Search and Seizure Basics

Learn which searches are protected by the Fourth Amendment, and what happens to your case if a search is ruled illegal.

Although the Fourth Amendment protects your privacy, the police may conduct a search of your home, barn, garage, car, boat, office, personal or business documents, bank account records, or other possessions, if:

  • they have probable cause to believe they can find evidence that you committed a crime, and a judge issues a search warrant, or
  • the circumstances allow for a search without a warrant.

Not All Searches Are Protected

Under the Fourth Amendment, as framed by the U.S. Supreme Court, “searches” have to be "reasonable." But not everything the police do to look for evidence qualifies as a Fourth-Amendment “search.”

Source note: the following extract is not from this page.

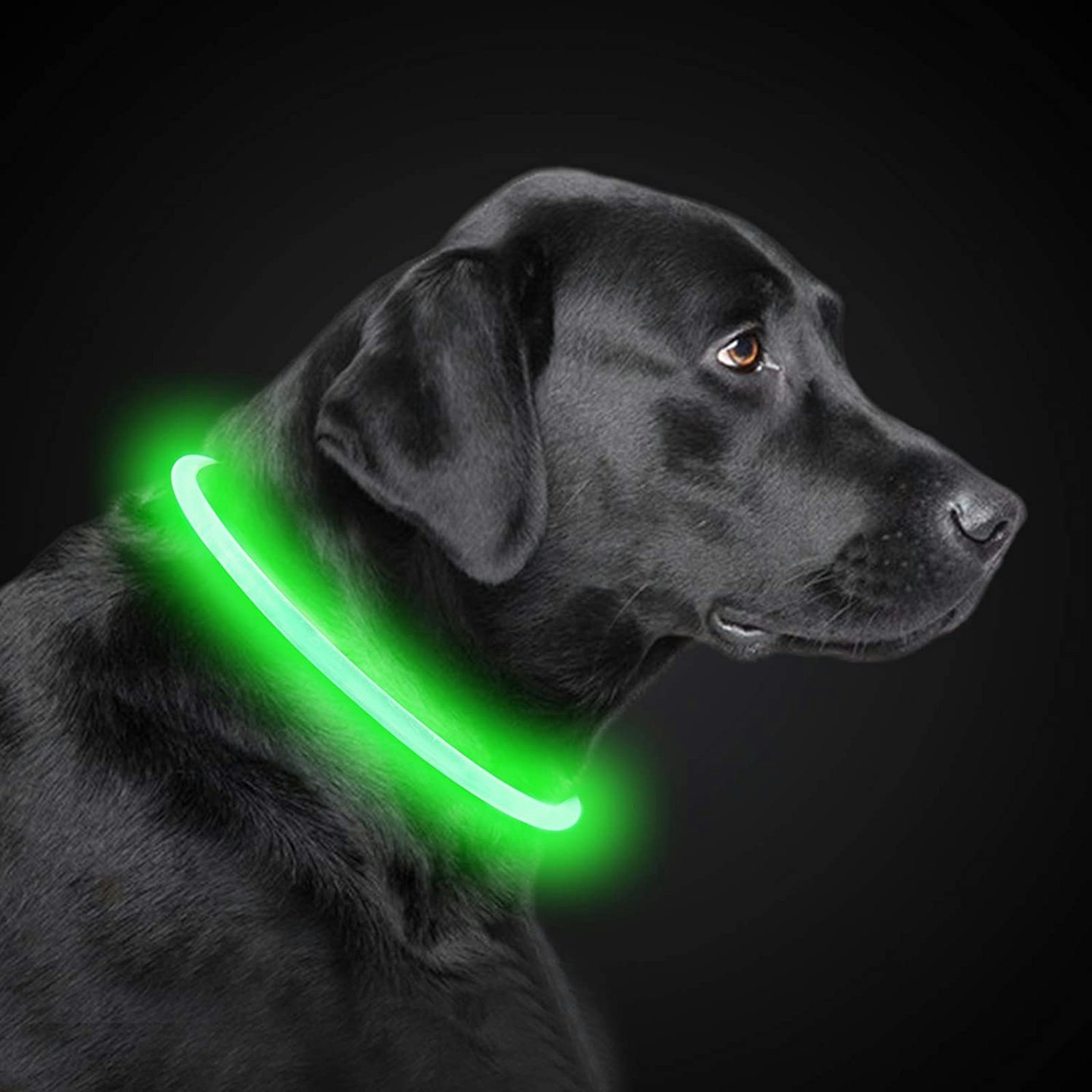 PetIsay Light up Dog Collar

According to the Supreme Court, law enforcement conducts a “search” when it, in an effort to find evidence or information:

  • violates a “reasonable expectation of privacy” that the defendant has or
  • physically intrudes (“trespasses”) on the defendant’s property.

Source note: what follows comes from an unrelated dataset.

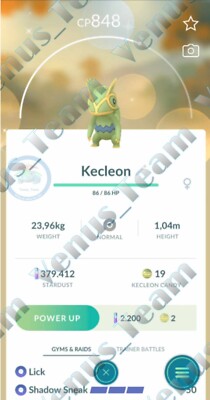 Pokémon Go   Shiny Kecleon   P T C 80k Dust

If either of these happens, a search has occurred. And the search must have been reasonable in order to comply with the Fourth Amendment.

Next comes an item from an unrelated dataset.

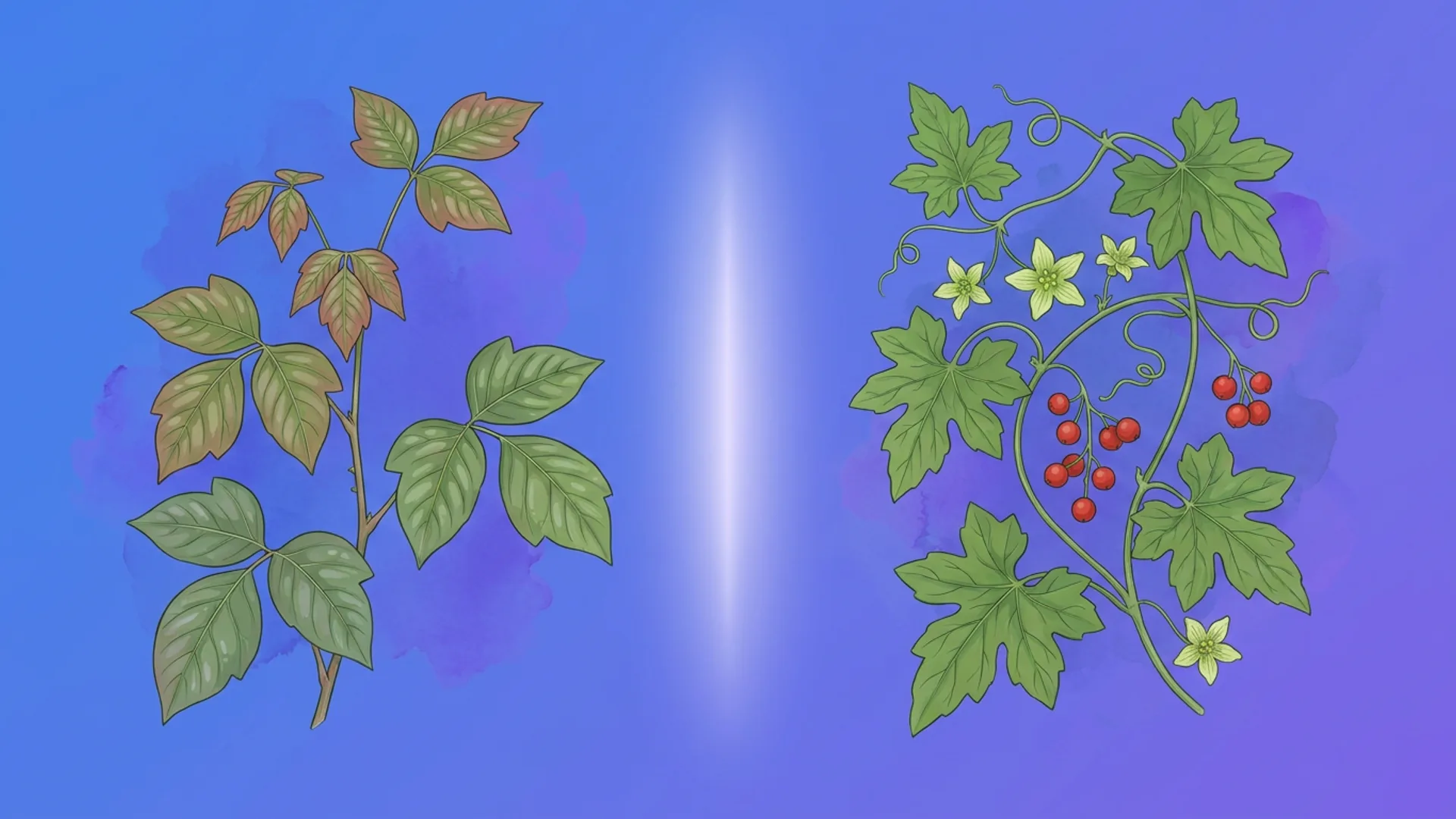 Rhus toxicodendron and Bryonia plants side by side — a differential remedy comparison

An example of a “trespass” search is the police installing a tracking device on the underside of a car in order to track its movements. The defendant’s movements in the car, on public roads, might not involve a reasonable expectation of privacy. Regardless, though, the attempt to gather information via physical intrusion qualifies as a “search.” (United States v. Jones, 132 S. Ct. 945 (2012).)

Determining whether a search occurred because the police violated a “reasonable expectation of privacy” has traditionally involved two questions:

  • Did the person subjectively (actually) expect privacy?
  • Is the person’s privacy expectation objectively reasonable—that is, one that society is willing to recognize?

When the answer to both questions is “yes”—and where the police violated the privacy expectation—a court will go on to consider the ultimate question: Was the search reasonable? (They'll also consider that question if there was a "trespass search.") If the search wasn’t reasonable, then any evidence it turned up probably won’t be admissible in court.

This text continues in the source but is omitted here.